OverviewA number of couloirs split the Mount Sneffels' south face. The ones on climber's left are shorter and steeper, whereas the ones on climber's right are longer and lower-angled. These make a great snow climb and/or ski descent in the the winter or spring. If planning to ski from the summit climb no later than mid spring. The ski descent is rated as a D13 R4 on the D Scale. If you decide not to ski the "Birthday Chutes", you can descend the Lavender Col Standard Route. Additional Photos.
Getting ThereFrom Ouray drive US 550 south to Camp Bird Mine Road (Ouray County Road #361) as far as possible. The summer trailhead is 7 miles from US 550. On April 22, 2006 we got 3.8 miles in.

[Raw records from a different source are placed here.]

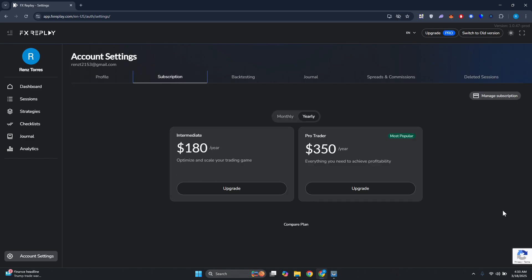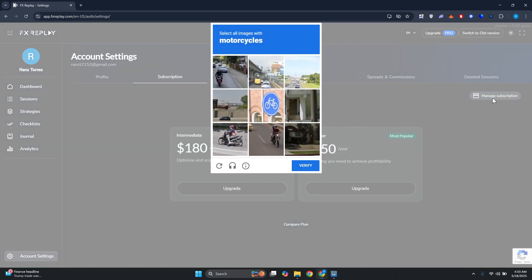Now you should be able to see the plans that are available right now. You can basically upgrade your plans here, but in order to cancel a plan, what you need to do is click on Manage Subscription at the top right.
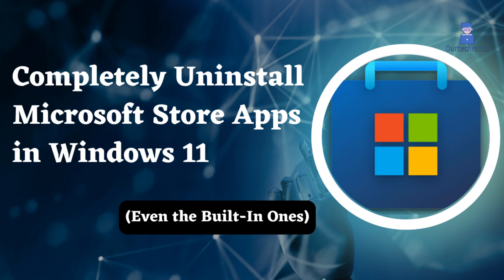Sometimes you may have installed apps using the Microsoft Store. However, after using them for a while, you might no longer find them useful or encounter issues such as outdated versions.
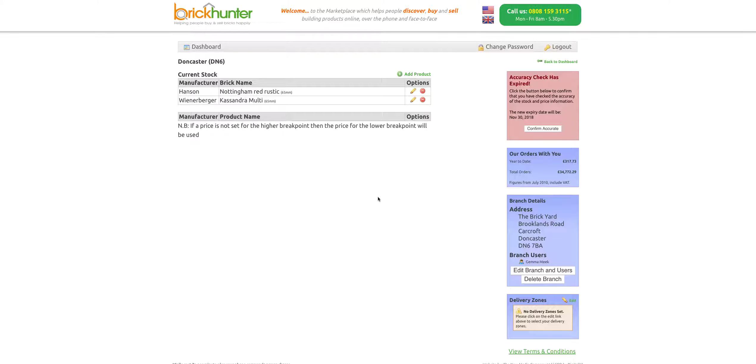From there, our sales team will be able to use that stock to sell to our customers and you will receive the orders. Thanks very much for watching. If you've got any queries at all, please send us an email at supplierrelations@brickhunter.com or give us a call on 0300 400 5001. Thank you very much. Bye-bye.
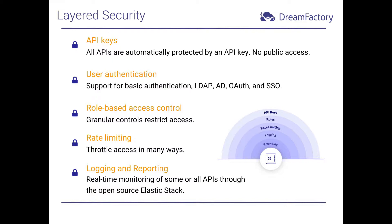You also have role-based access controls, or RBAC, which is the subject of this video. RBAC ensures you can tightly restrict access to specific API endpoints. And in a moment, I'll return to why this capability is such a powerful platform feature.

Route DescriptionFollow Camp Bird Mine Road into Yankee Boy Basin to 13,200' at the base of Mount Sneffels' south face. Don't confuse Kismet Peak (13,694') for Mount Sneffels, especially when traveling in the dark. Climb either couloir your choose. The most popular is the most prominent which leads most directly to the summit. The maximum slope angle of this couloir is about 50 degrees. If climbing later than mid spring and the summit is dry, expect class 3-4 climbing.
Essential GearCrampons. Ice axe if uncomfortable on steep, frozen snow.